WASHINGTON– More than six-million households failed to make their rent or mortgage payments in September, according to a new analysis released by the Mortgage Bankers Association's Research Institute for Housing America, indicating the economic fallout from the coronavirus pandemic is hitting a growing number of Americans.
Despite that number, in the third quarter, the percent of homeowners and renters behind on their payments fell slightly from the prior quarter, but the overall amount remains troubling, according to a number of analysts.
The MBA reported that during September, 8.5% of renters, or 2.82 million households, missed, delayed or made a reduced payment, while 7.1%, or 3.37 million homeowners, missed their mortgage payment.
Renters receiving unemployment benefits rose from 3% in early April to 7% by the end of September. Mortgagers getting jobless aid remained unchanged at 3% during that time span.
"With the current eviction moratorium expiring in January, the situation could be even more challenging for renters,” Gary V. Engelhardt, professor of economics in the Maxwell School of Citizenship and Public Affairs at Syracuse University, told USA Today. “Many renter households across the country could find themselves with no place to live and no means to repay missed payments."
In September, the Trump administration implemented a national moratorium on residential evictions through the end of the year. The moratorium, which will run through Dec. 31, applies to individuals earning less than $99,000 a year and who are unable to make rent or housing payments.
As CUToday.info has reported, Republicans and Democrats have been deadlocked for months over passing a new coronavirus stimulus package.

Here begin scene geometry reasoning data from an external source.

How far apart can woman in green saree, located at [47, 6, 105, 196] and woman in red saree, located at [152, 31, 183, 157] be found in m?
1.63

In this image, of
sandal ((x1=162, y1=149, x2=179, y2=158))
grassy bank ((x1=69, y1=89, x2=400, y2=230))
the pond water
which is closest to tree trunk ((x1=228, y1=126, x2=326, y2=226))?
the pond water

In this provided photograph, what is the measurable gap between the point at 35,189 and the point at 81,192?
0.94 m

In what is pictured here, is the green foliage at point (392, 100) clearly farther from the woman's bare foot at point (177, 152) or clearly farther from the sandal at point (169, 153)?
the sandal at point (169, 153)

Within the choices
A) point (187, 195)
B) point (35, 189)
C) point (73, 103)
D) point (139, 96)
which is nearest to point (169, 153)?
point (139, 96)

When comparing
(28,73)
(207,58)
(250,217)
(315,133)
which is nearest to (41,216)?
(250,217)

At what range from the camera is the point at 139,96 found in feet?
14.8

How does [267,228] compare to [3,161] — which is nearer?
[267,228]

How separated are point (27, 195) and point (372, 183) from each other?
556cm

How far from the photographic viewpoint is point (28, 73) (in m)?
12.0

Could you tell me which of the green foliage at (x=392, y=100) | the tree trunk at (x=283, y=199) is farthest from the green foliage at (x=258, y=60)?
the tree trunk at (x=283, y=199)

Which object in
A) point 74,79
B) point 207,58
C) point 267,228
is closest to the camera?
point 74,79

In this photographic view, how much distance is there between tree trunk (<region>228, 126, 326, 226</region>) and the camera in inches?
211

Student Borrowers Fall Behind
Meanwhile, it isn’t just mortgage borrowers who are behind on payments. During September, approximately 26 million people missed their student loan payment. The proportion of student debt borrowers who missed a monthly payment has remained steady at 40% since May, USA Today said.
Student debt borrowers receiving unemployment rose from 3% in early April to 8% by the end of September. In August, the Trump administration extended relief from March and suspended student loan payments, stopped collections and waived interest on federally held student loans until Dec. 31.

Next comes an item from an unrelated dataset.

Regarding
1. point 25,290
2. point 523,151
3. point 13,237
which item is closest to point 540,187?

That relief, however, doesn't cover private student loans. Most student loans, or about 92%, are owned by the U.S. Department of Education, according to MeasureOne, an academic data firm. Private student loans make up 7.87% of the total outstanding U.S. student loans, USA Today said.
“Borrowers ending up in default would see an adverse effect on their credit, in turn making it potentially more challenging for them to rent or qualify for a mortgage," Engelhardt added.